By the end of 2021, IT spending on enterprise software is expected to reach £441 billion, with enterprise resource planning (ERP) software forecast to account for more than a sixth of this figure. As a leader in the enterprise software space, SAP is one area of IT that many organisations will be focusing on, particularly as one of the biggest changes on the horizon is SAP’s plan to end mainstream support for its legacy ERP system, SAP ECC, from 2027. More than half (58%) of businesses currently on SAP ECC are intending to migrate to SAP S/4HANA in the next three years.

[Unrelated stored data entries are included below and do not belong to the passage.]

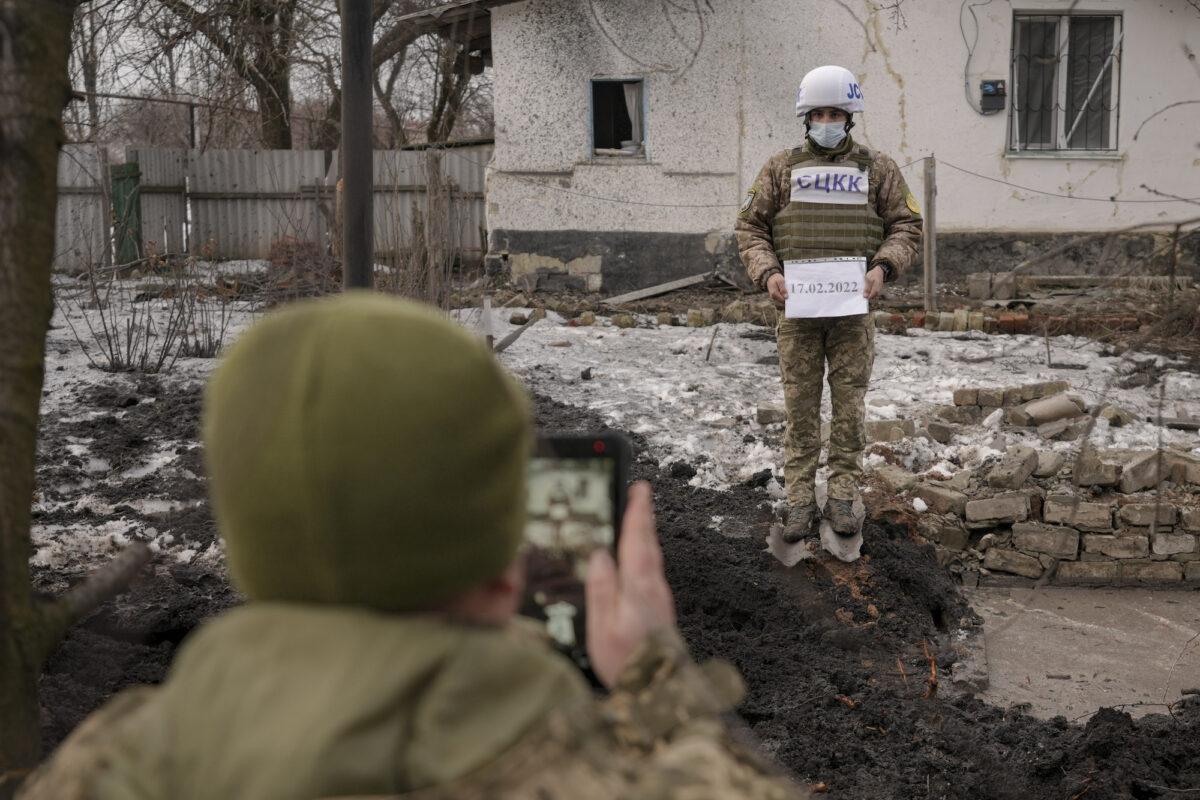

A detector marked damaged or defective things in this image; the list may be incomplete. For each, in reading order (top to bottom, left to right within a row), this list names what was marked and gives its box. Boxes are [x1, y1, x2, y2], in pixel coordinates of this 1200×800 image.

broken window [1012, 14, 1123, 151]
broken window [592, 79, 648, 155]
damaged house [458, 0, 1200, 293]
broken concrete block [964, 273, 993, 302]
broken concrete block [993, 273, 1012, 302]
broken concrete block [753, 407, 792, 424]
broken concrete block [868, 419, 912, 443]
broken concrete block [921, 422, 960, 448]
broken concrete block [950, 388, 979, 407]
broken concrete block [979, 388, 1008, 407]
broken concrete block [1027, 393, 1084, 424]
broken concrete block [1099, 410, 1132, 429]
broken concrete block [873, 462, 916, 494]
broken concrete block [988, 448, 1036, 491]
broken concrete block [1036, 450, 1065, 474]
broken concrete block [1080, 450, 1123, 489]
broken concrete block [1113, 450, 1161, 494]
broken concrete block [912, 482, 969, 520]
broken concrete block [960, 494, 1027, 525]
broken concrete block [1041, 494, 1113, 532]
broken concrete block [1113, 503, 1180, 527]
broken concrete block [921, 520, 969, 551]
broken concrete block [984, 546, 1041, 578]
broken concrete block [1012, 522, 1080, 561]
broken concrete block [1056, 561, 1118, 585]
broken concrete block [1084, 534, 1147, 561]
broken concrete block [1118, 561, 1185, 585]
broken concrete block [1147, 532, 1195, 556]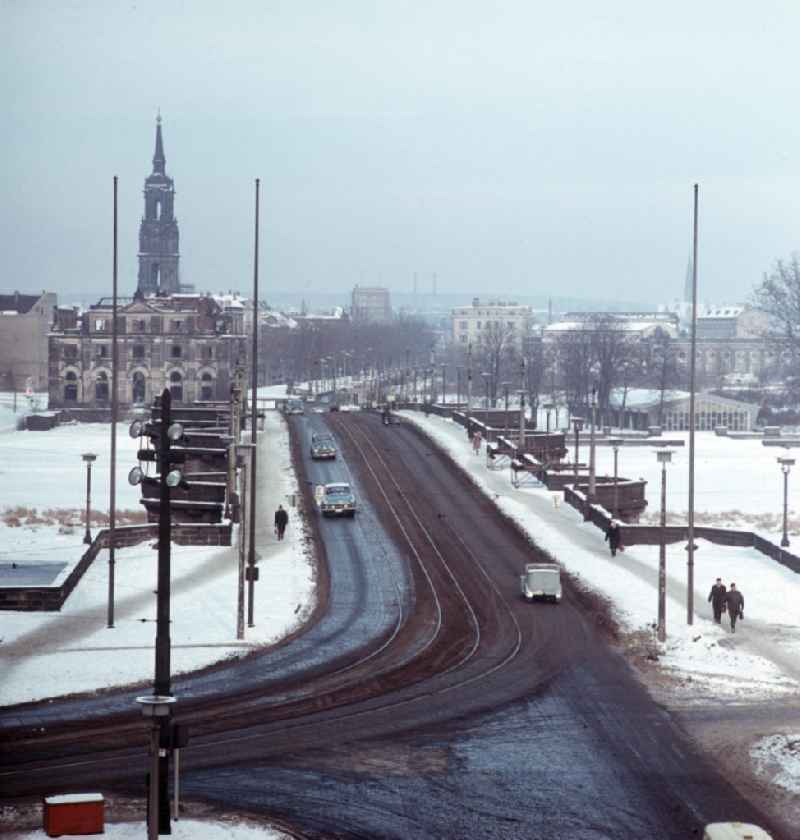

However, data published by SAP show that at present, only 17,500 of its 425,000 users have made the transition. This is largely explained by SAP S/4HANA being the biggest update to the company’s ERP platform in over two decades. Research in 2020 from the UK & Ireland SAP User Group shows that 34% of SAP users say the upgrade will require significant change management, and 73% worry a lack of available skills will impact the speed of their organisations’ S/4HANA migration.

While it may not be an easy undertaking, migrating to SAP S/4HANA does offer potential performance and efficiency benefits, including enabling organisations to reinvent business models, drive new revenue streams, and access to a new innovation, including the IoT, machine learning and AI. It’s also important to get started sooner rather than later. While SAP states moving from traditional systems to S/4HANA should take between 12 and 18 months, research from Gartner shows it can take far longer. So, what should organisations consider to make the move smoother? Here are three key areas.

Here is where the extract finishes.